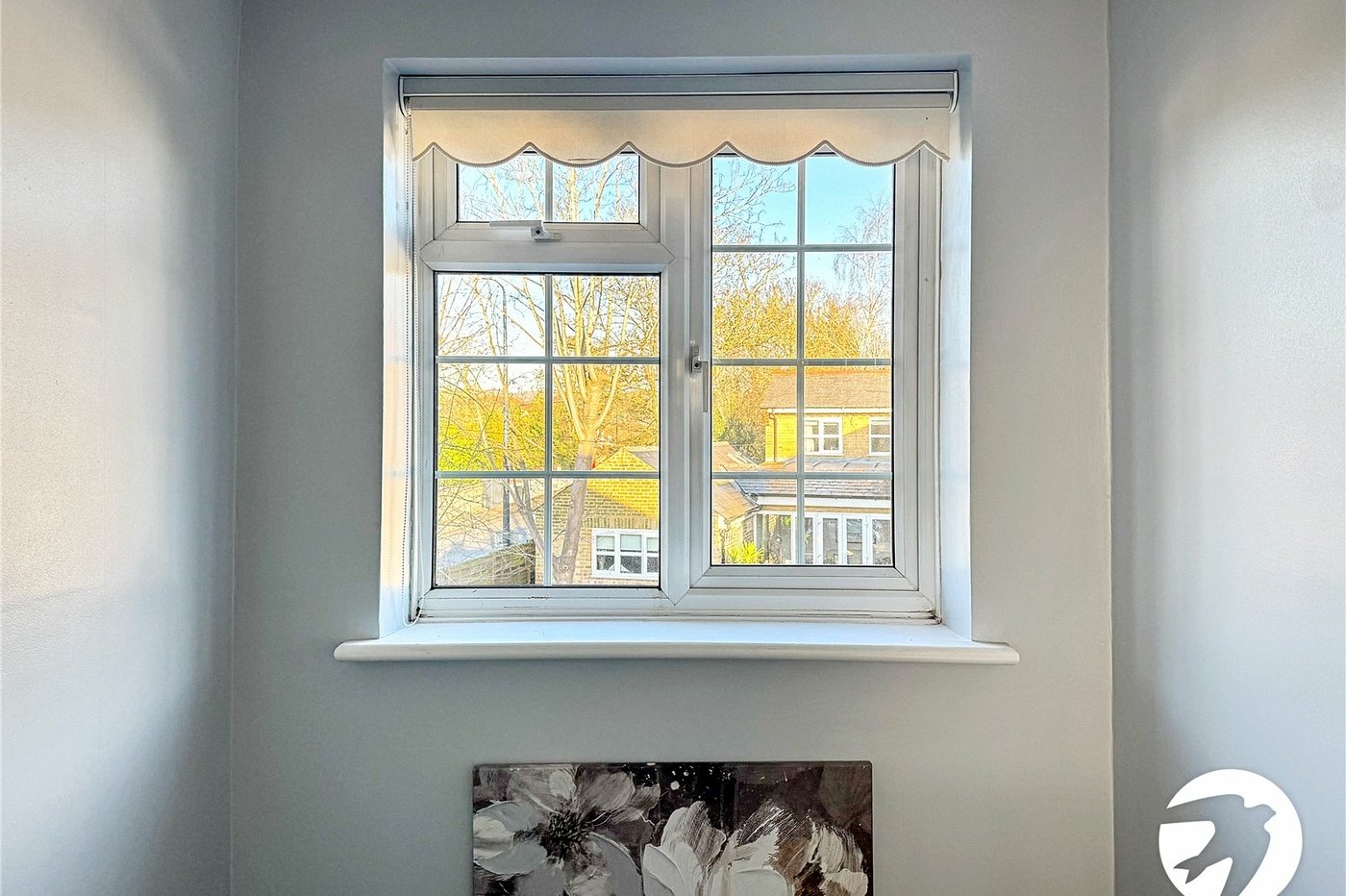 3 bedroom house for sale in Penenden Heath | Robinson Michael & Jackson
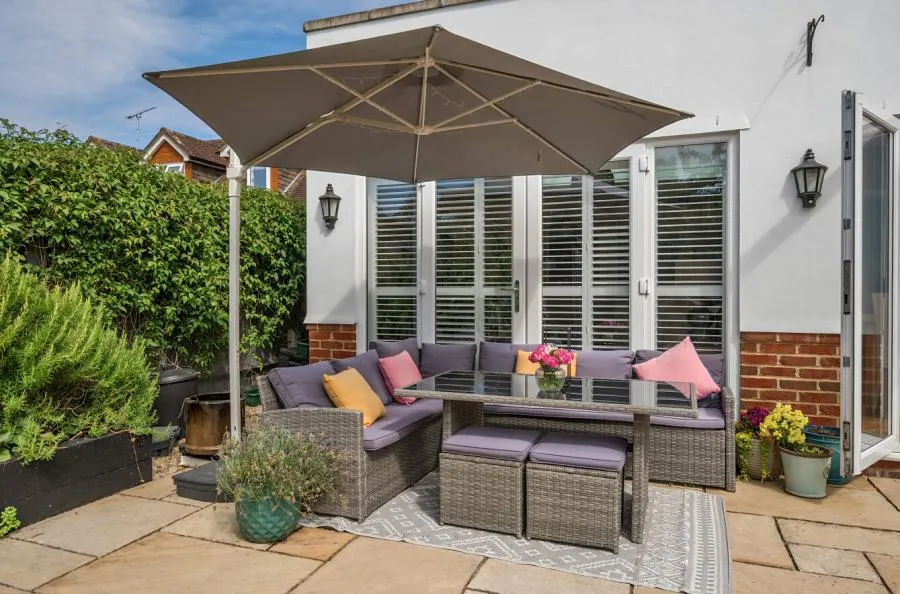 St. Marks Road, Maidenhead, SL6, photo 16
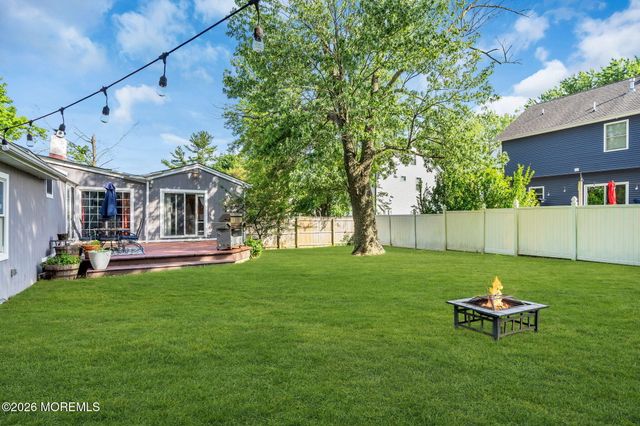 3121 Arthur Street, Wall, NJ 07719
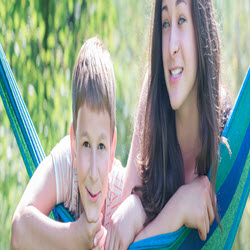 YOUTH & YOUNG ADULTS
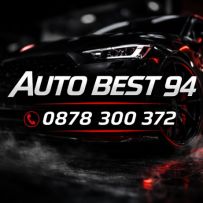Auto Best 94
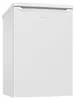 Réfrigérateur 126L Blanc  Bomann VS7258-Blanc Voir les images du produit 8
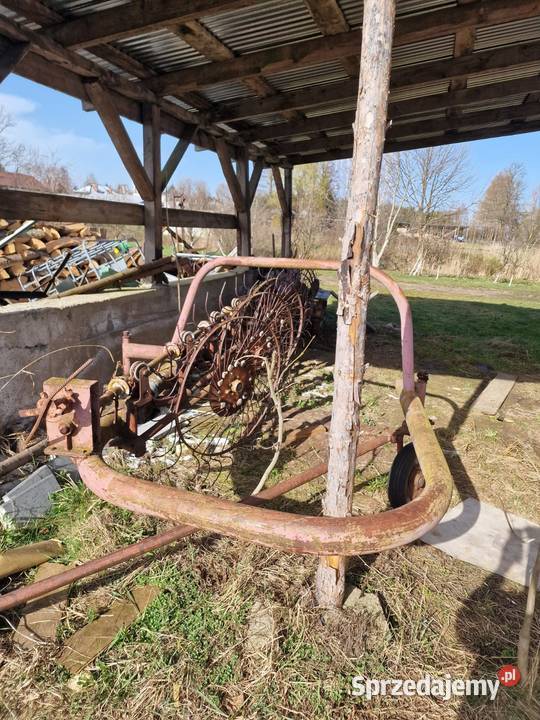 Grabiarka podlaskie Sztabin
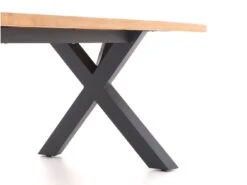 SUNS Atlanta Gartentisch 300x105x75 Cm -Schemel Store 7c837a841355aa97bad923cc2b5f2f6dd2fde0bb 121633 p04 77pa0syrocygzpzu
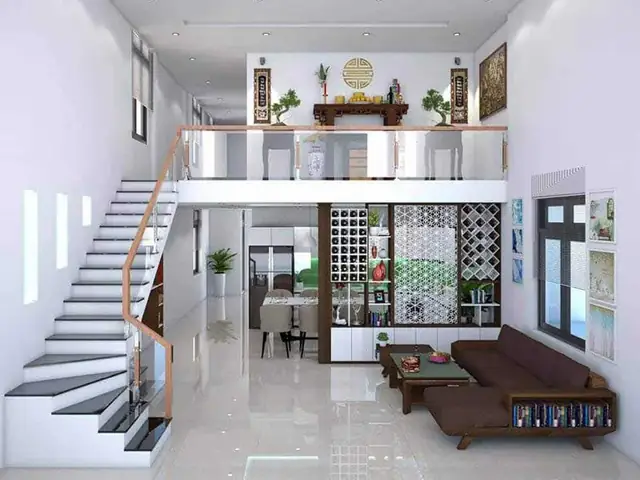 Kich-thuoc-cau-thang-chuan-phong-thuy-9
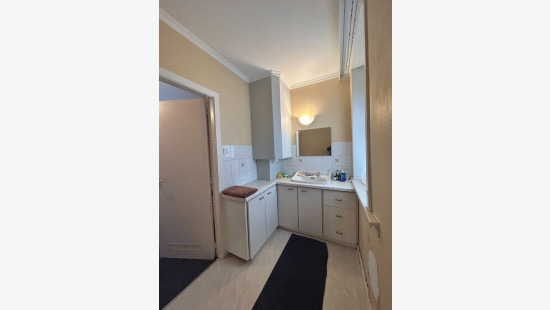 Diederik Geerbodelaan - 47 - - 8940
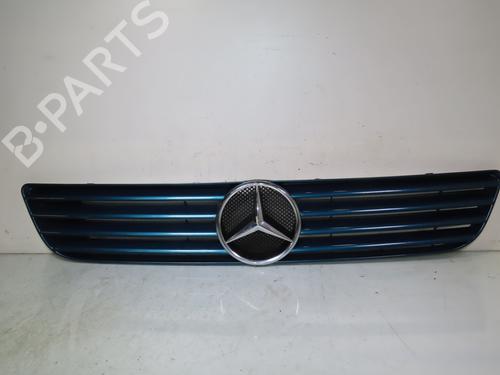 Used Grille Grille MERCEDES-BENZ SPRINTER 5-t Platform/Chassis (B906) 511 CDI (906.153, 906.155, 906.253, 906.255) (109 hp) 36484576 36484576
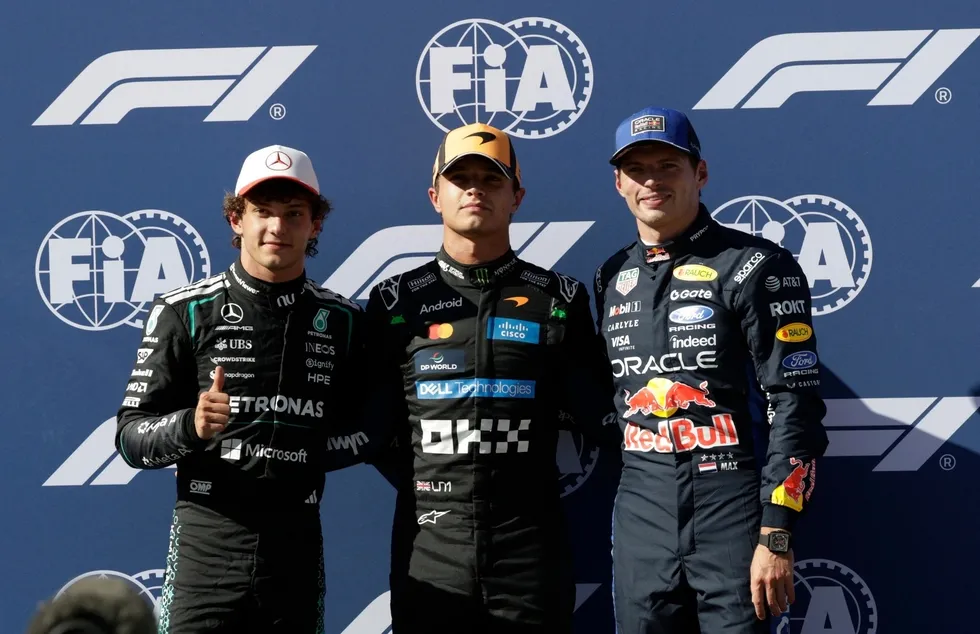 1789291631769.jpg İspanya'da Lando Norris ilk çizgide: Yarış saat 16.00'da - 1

→ **PROBLEM STATEMENT**
Return each entry exactly as it stands above, apart from any images.

→ **ANSWER BELOW**
 3 bedroom house for sale in Penenden Heath | Robinson Michael & Jackson
 St. Marks Road, Maidenhead, SL6, photo 16
 3121 Arthur Street, Wall, NJ 07719
 YOUTH & YOUNG ADULTS
Auto Best 94
 Réfrigérateur 126L Blanc  Bomann VS7258-Blanc Voir les images du produit 8
 Grabiarka podlaskie Sztabin
 SUNS Atlanta Gartentisch 300x105x75 Cm -Schemel Store 7c837a841355aa97bad923cc2b5f2f6dd2fde0bb 121633 p04 77pa0syrocygzpzu
 Kich-thuoc-cau-thang-chuan-phong-thuy-9
 Diederik Geerbodelaan - 47 - - 8940
 Used Grille Grille MERCEDES-BENZ SPRINTER 5-t Platform/Chassis (B906) 511 CDI (906.153, 906.155, 906.253, 906.255) (109 hp) 36484576 36484576
 1789291631769.jpg İspanya'da Lando Norris ilk çizgide: Yarış saat 16.00'da - 1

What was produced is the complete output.